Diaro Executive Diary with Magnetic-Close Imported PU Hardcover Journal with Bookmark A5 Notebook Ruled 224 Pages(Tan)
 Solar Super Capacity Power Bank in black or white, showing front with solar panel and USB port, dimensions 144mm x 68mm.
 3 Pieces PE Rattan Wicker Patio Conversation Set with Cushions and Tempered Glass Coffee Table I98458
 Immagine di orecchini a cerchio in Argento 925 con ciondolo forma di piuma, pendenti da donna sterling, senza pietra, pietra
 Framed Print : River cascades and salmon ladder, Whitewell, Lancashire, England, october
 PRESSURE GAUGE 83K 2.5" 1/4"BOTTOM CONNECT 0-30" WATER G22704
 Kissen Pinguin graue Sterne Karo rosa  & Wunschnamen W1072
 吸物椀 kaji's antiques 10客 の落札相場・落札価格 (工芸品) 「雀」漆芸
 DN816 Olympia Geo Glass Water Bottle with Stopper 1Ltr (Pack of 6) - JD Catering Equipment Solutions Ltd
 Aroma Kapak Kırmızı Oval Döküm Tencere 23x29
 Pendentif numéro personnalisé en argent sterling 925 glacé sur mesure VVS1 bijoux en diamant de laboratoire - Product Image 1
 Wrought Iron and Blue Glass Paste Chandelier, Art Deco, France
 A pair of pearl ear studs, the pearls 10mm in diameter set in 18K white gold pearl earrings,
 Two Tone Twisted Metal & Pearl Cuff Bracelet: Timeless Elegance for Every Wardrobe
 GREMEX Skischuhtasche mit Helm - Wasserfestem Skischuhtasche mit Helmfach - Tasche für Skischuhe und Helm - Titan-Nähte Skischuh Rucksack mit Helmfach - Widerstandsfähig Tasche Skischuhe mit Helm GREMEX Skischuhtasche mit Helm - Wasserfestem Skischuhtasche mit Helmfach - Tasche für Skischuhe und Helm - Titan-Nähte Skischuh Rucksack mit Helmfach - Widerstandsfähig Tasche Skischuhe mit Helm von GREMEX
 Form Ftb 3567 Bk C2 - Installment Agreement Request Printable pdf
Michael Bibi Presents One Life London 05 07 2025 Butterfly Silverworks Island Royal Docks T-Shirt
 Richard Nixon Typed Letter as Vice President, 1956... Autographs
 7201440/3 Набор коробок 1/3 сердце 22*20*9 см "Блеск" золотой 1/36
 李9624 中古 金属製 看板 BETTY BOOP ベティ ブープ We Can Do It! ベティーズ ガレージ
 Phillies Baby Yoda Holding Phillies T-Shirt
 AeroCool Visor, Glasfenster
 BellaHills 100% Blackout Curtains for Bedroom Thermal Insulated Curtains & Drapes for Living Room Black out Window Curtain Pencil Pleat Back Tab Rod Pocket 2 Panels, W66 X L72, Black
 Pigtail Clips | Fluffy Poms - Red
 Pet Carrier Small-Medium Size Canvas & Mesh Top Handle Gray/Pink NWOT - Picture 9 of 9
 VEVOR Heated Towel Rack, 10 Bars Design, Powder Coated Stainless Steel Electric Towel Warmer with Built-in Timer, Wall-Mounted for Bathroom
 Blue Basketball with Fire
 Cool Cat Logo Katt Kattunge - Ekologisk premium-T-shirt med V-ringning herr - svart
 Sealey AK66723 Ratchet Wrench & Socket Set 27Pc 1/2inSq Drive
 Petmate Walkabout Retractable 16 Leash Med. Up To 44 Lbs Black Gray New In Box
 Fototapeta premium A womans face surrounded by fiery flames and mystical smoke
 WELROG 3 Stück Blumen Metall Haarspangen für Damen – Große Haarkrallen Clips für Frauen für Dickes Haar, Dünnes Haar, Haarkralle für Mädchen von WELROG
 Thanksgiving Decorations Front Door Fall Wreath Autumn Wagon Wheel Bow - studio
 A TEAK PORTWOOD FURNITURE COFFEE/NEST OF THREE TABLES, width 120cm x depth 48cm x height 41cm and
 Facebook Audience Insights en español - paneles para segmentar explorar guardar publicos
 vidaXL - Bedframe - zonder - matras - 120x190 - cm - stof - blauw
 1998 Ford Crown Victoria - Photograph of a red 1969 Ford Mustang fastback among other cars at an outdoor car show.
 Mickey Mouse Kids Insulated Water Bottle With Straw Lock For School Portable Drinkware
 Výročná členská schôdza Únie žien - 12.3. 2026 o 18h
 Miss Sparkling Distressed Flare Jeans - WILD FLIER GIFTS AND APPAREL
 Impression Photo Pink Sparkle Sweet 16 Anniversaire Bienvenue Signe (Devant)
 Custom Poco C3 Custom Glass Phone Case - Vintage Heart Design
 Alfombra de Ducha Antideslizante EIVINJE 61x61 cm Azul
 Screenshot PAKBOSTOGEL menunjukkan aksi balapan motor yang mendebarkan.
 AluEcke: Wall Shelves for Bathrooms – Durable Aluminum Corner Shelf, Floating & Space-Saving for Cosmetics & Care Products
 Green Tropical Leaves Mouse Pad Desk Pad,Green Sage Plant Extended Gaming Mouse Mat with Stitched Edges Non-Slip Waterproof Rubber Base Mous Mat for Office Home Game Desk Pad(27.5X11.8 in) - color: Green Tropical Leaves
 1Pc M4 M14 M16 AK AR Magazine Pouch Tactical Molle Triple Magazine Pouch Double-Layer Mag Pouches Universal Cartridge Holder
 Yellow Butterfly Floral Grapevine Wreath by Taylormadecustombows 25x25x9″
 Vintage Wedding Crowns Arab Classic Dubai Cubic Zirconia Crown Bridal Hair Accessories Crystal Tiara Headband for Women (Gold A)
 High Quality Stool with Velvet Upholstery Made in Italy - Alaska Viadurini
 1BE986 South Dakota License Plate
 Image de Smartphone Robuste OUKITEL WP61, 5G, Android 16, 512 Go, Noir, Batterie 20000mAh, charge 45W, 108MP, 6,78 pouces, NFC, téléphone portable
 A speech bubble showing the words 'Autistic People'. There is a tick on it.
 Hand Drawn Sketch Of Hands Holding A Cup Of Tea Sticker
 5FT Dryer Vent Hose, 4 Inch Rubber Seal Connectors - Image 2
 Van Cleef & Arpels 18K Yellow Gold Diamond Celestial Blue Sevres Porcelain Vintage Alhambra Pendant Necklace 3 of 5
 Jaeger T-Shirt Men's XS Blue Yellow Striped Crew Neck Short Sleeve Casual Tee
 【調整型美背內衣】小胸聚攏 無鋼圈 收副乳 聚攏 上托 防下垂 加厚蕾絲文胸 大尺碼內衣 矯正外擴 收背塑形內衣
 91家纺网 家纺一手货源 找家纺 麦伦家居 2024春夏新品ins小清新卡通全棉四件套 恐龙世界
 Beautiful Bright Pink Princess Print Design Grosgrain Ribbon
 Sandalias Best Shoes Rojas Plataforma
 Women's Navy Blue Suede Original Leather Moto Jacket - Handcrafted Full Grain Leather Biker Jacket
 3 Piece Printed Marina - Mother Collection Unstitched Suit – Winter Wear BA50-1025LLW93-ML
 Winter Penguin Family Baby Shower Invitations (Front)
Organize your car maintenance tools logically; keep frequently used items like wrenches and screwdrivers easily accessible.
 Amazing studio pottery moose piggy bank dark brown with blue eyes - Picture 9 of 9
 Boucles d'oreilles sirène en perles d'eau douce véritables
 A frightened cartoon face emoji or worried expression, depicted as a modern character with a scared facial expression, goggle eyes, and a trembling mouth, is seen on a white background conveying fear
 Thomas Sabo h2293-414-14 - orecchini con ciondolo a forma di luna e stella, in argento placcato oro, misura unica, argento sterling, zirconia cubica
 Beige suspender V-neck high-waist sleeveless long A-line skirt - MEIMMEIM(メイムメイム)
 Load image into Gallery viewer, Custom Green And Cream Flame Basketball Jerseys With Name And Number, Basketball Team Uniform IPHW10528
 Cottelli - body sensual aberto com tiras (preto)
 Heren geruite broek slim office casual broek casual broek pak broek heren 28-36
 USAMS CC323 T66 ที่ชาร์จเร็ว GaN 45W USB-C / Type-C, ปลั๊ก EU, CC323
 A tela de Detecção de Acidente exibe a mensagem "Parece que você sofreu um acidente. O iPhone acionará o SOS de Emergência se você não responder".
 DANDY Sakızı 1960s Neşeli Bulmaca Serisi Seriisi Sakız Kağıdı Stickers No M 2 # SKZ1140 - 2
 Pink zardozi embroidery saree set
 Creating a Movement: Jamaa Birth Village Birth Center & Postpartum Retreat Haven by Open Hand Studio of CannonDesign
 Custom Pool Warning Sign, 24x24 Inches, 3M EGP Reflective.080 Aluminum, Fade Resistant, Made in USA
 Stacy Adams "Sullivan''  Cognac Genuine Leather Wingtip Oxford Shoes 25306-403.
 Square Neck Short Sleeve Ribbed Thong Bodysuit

★ ★ ★

• What you should do: Of all the entries above, repeat only the lines from the line that has "WELROG 3 Stück" to the line that has "vidaXL - Bedframe", both lines included, exactly.

• Written solution:
 WELROG 3 Stück Blumen Metall Haarspangen für Damen – Große Haarkrallen Clips für Frauen für Dickes Haar, Dünnes Haar, Haarkralle für Mädchen von WELROG
 Thanksgiving Decorations Front Door Fall Wreath Autumn Wagon Wheel Bow - studio
 A TEAK PORTWOOD FURNITURE COFFEE/NEST OF THREE TABLES, width 120cm x depth 48cm x height 41cm and
 Facebook Audience Insights en español - paneles para segmentar explorar guardar publicos
 vidaXL - Bedframe - zonder - matras - 120x190 - cm - stof - blauw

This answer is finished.